Purpose: To explore the relationship between selectivity and the drug delivery efficiency of three peptide- monomethyl auristatin E (MMAE) conjugates (PDC)1 with different affinities to epidermal growth factor receptor (EGFR).
Methods: Three peptides (L1: KLARLLT, Pep11: WSGENGPGFYDYEA and Ge11: YHWYGYTPQNVI)2-4 were synthesized using standard Fmoc solid-phase synthesis. These peptides were then conjugated with MMAE to form PDC using valine-citrulline linker. The PDC were purified using HPLC and lyophilized. ESI mass spectrometry and HPLC were used to characterize the peptides and PDC. A431 and MDA-MB-468 cells were used as EGFR-positive cancer cells. HEK293 was used as normal cells without any EGFR receptors. Cells were treated with free drug, peptides or PDC. After 72 hours incubation, the cell viability was determined by using Sulforhodamine B assay. The drug delivery efficiency was evaluated in EGFR-positive cells based on the differences in IC50 between MMAE and PDC. The selectivity was evaluated by the difference of IC50 between EGFR-positive cells and EGFR-negative cells.
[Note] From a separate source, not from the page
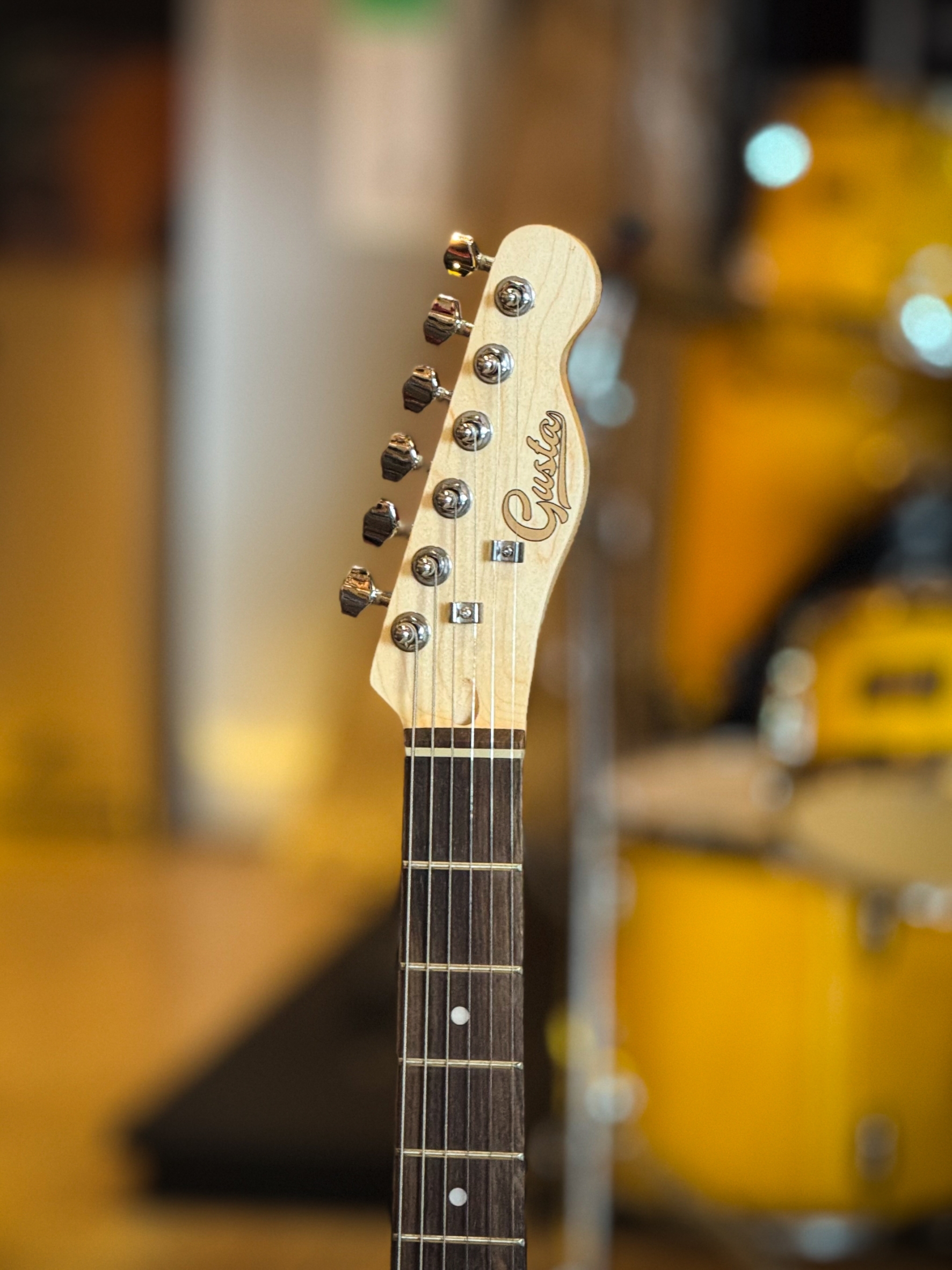 Gusta กีต้าร์ไฟฟ้า รุ่น GTL-01 สีดำ ทรง Tele ปิ๊กอัพ Humbucking 2 ตำแหน่ง ซาวด์ดุดัน | พร้อม กระเป๋า สายแจ็ค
Results: Three PDCs were synthesized and purified to the purity > 90%. In A431 cells, the IC50 values were: MMAE: 21.57±0.69nM, L1-MMAE: 26.69±0.77nM, Pep11-MMAE: 10.66±0.82nM and Ge11-MMAE: 0.01873±0.69nM, respectively. The IC50 in MDA-MB-468 cells were: MMAE: 28.78±0.66nM, L1-MMAE: 55.45±0.58nM, Pep11-MMAE: 16.75±0.58nM and Ge11-MMAE: 0.1396±0.55nM. Highest affinity Ge11-MMAE showed highest selectivity among all PDC with the biggest difference of IC50 between EGFR-positive cells and EGFR-negative cells. Ge11-MMAE also showed the highest drug delivery efficiency with more than 200 times higher cytotoxicity compared to MMAE in EGFR-positive cells. Pep11-MMAE increased cytotoxicity in EGFR-positive cells by more than 5 times compared to HEK 293 cells. Pep11-MMAE also enhanced the drug delivery by 2-fold compared to MMAE in EGFR-positive cells. For L1-MMAE, it did not show significantly increase of IC50 compared to MMAE in all the cell lines.
Conclusion: The results of this study indicate that PDC successfully enhance the drug delivery efficiency to the EGFR-positive cells. The higher EGFR binding affinity PDC can result in higher selectivity and drug delivery efficiency.